Stay on the right side of licensing and TCPA
Google Ads for HVAC carries a lighter compliance load than regulated professions, but two rules bite. First, licensing: your LSA badge depends on verified license and insurance, and 36 states require a statewide HVAC license. Advertise only services you are licensed to perform. Second, TCPA: marketing texts, including review-request texts that read as promotional, generally need prior express written consent, and violations run $500 to $1,500 each. Keep opt-in and opt-out language clear on any SMS follow-up. Avoid “guaranteed” outcome language in ad copy now that the money-back Google Guarantee is gone; promise the work, not a Google-backed refund.
When to run it yourself and when to hand it off
An owner-operator can absolutely stand up LSAs and a tight Search campaign, and for a small shop the DIY version above will book jobs. The point you outgrow it is when you are running multiple service categories, pacing budget across seasons, and trying to prove channel-level return to plan hires or an eventual sale. That is a growth and measurement problem, not a button-clicking one.
If you want the setup built and managed to a cost-per-booked-job standard, that is exactly the work behind our Google Ads for HVAC contractors service, which sits inside our broader marketing for HVAC contractors practice. Paid ads also work far harder when your local SEO for HVAC contractors is pulling free map-pack calls alongside them, so the two should be planned together, not in silos.
Want a second set of eyes on your account and your numbers before you scale spend? Book a consultation and we will pressure-test your setup against cost per booked job.
Frequently asked questions
Should HVAC contractors start with Local Services Ads or Search ads?
Start with Local Services Ads. You pay per lead instead of per click, appear above everything else, and average about $51 per lead and $168 per booked job. Add Search ads once your call tracking is solid and you want volume and keyword control beyond what LSAs deliver in your market.
Is the Google Verified badge still a thing for HVAC?

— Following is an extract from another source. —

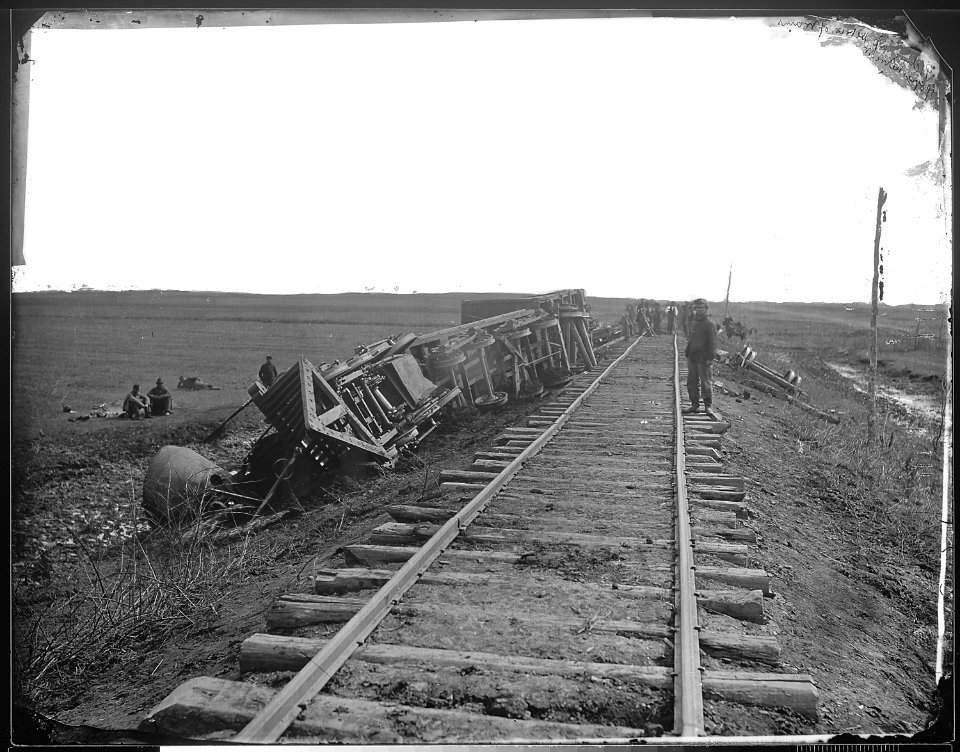 Picking up debris of trains after Pope's retreat. Second Battle of Bull Run. (4153845322)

No. On October 20, 2025 Google merged Google Verified, Google Verified, and License Verified into one “Google Verified” badge, and the money-back guarantee ended November 7, 2025. The blue badge now signals vetting only. Point homeowners to your reviews, warranty, and your own guarantee instead of a Google refund.

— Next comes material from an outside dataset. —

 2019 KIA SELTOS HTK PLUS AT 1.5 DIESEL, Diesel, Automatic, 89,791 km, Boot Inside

How much should an HVAC company budget for Google Ads?
Plan to spend at least $1,500 to $3,000 a month on Search so the algorithm has enough conversions to optimize, plus your LSA lead spend on top. Blended HVAC acquisition cost runs about $296 to $350, and strong operators keep it under $350 while spending 8% to 12% of gross revenue on marketing.

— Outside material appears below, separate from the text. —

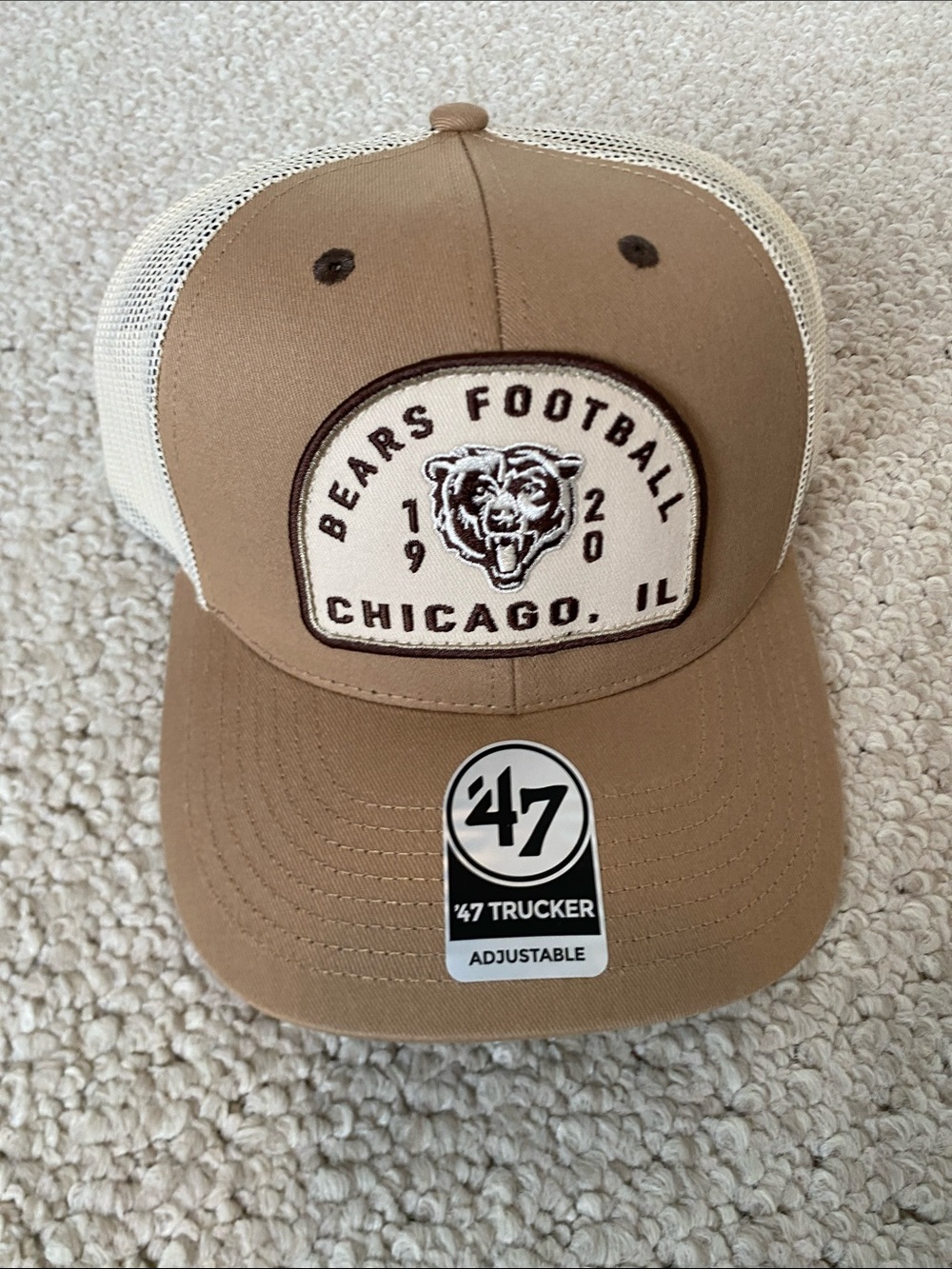 '47 Brand Adjustable Trucker Hat - Tan and Cream Chicago Bears Patch NWT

How are Local Services Ads ranked?
Not by bid. Google ranks LSAs mainly on proximity to the searcher, your review score and volume, and responsiveness, meaning how fast and how often you answer LSA calls. Missing calls and stale reviews drop your ranking, so answer every lead and keep new reviews coming in each month.
What is the biggest budget mistake in HVAC Google Ads?
Two tie for first: skipping negative keywords, which pays for job seekers and DIYers, and measuring cost per lead instead of cost per booked job. Angi looks cheap on CPL but costs about $542 per booked job, more than three times LSAs at $168 once you measure what actually gets on the board.
Should HVAC contractors run Performance Max?
Not until conversion tracking counts booked jobs rather than form fills. PMax hides where spend goes and often buys cheap Display and YouTube impressions that rarely book work. If you run it, feed it strong first-party data, exclude brand terms, and audit the placement report so it is not taking credit for calls you would win anyway.